Does my horse really need a blanket?
Every winter the tiresome question of cover the horse with a blanket comes up. Many stable colleagues cover, because everyone does it, so it has to be right, right?
One thing is for sure, a clipped horse should be covered.
What temperatures can horses actually withstand?
But do we intervene too much in the thermoregulation of the horse by blanketing or not clipping too much?
We are trying more and more to take the nature of the horse into account through better forms of livestock, nutrition, etc., but shouldn’t we then take a close look at all areas?
Let’s be honest, a wild horse gets by without a blanket. Sure, these horses doesn’t have to work either – a perfectly justified objection, which we’ll go into later.
Real record artists are, for example, the horses in Siberia, who accept temperatures down to minus 70° Celsius without batting an eyelid. Even in summer at plus 40° Celsius , the temperature doesn’t bother them much, which shows that horses are enormous artists of adaptation .
This is just an extreme example to illustrate what our four-legged friends are capable of.
Thank God we don’t live in the tundra now and our sheltered sports and leisure horses would really be in a fix there, but they can withstand temperature fluctuations of up to 40 degrees without any problems.
How does thermoregulation work?
But now Let’s get to the real point: What happens when we take our horse cover up?
The thermoregulation of the horse is highly complex. As the days get shorter, their fur begins to thicken.
Annoying for us, because it takes time to get this fur dry again and putting the horse wet in the stable means diseases, so definitely not an alternative.
They feel most comfortable at minus five to fifteen degrees . Only when the temperatures drop below minus ten degrees does the thermoregulation of a normal winter coat really start to work.
The coat, arteries, skin and sweat glands are involved.
Does my horse need more feed in winter?
Fat is particularly important. In fact, fat is such an insulator that a University of Minnesota study by Marcia Hathaway and Krishona Martinson said the more fat a horse has, the less fur it needs because fat is energy.

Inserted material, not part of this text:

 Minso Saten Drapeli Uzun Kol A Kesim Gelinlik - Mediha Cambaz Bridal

The colder the temperatures, the more energy the horse needs. Roughage, preferably hay, can support this additional energy requirement.

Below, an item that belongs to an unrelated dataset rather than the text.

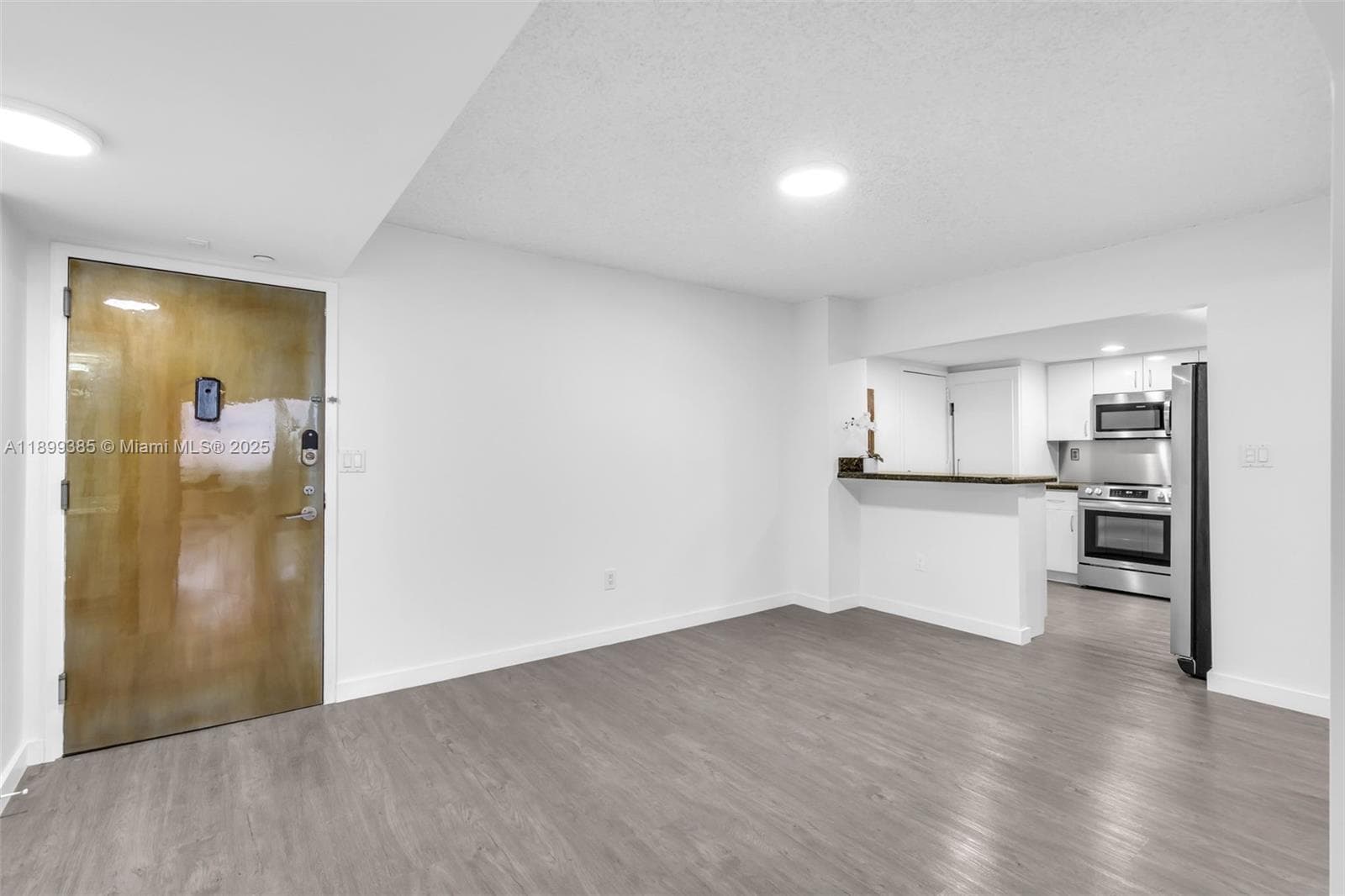 2333 Brickell Ave, Miami FL 33129 — 8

But that doesn’t mean that you should feed the horse until it’s round as a ball, because after all it’s not a bear that has to prepare for hibernation.

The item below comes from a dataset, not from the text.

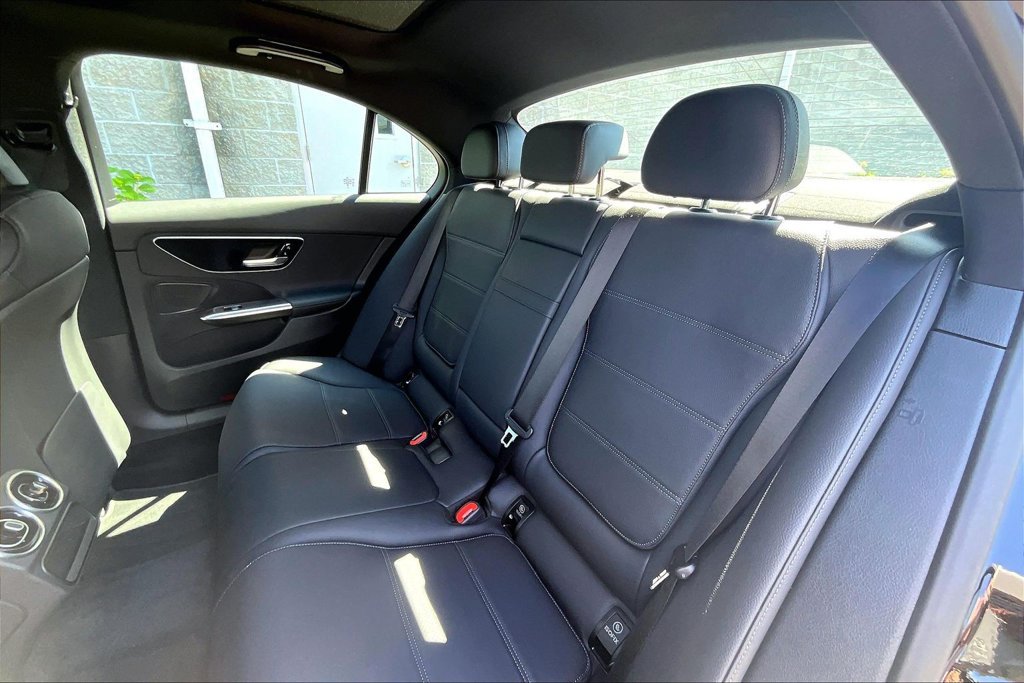 Used 2026 Mercedes-Benz C 300 4MATIC Sedan image 28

On the other hand, it is completely normal for the horse to gain weight over the winter, but we are talking about a little here. This means that ideally you should increase the daily feed ration, because the change of coat means high performance for the metabolism and the horse needs this energy from somewhere.
The thickness and density of the winter coat is also controlled by the outside temperature.
The colder, the more fur.
If we cover up in time now, we pretend to the horse’s body that it’s not that cold yet, which is why less fur is put on.
So when do I cover the horse with a blanket?
It is clear that a healthy horse with enough winter fur can do without a blanket, even if there is a layer of snow on its back.
However, if the temperature falls below minus 15 and there is no shelter available, you should consider covering the horse, the same applies if it is exposed to constant rain or freezing rain.
This flattens the fur, which degrades the insulation. However, one cannot say the whole thing in such a general way.
Horses that are ill, old, or sensitive to wet and cold weather need a blanket.
The same applies to some warm-blooded or thoroughbred horses, where wetness is a problem, whereas cold-blooded horses or Icelandic horses have fewer problems with cold, wet weather conditions.
Adaptability to the cold also varies with breed.
It is different with sport horses. If you train a lot every day, covering up in good time can prevent too much winter fur, which means that the horses don’t sweat as quickly and clipping can even be prevented.
Unfortunately, one cannot give a general answer.
The owners are required to take a close look at their horse and to consider the pros and cons of covering up and to decide for the horse’s benefit.
This means thinking carefully about what type the horse is, including the way it is kept and how it is trained. This also includes taking into account the lining of the blanket and not going by your own feelings.
That’s why it’s better to reach under the blanket to see how cold or warm the horse is underneath, not that we mean well and our darling then starts to sweat.
one stands However, blankets are a good alternative to give every horse one to offer a species-appropriate outlet and that’s what it’s all about in the end also.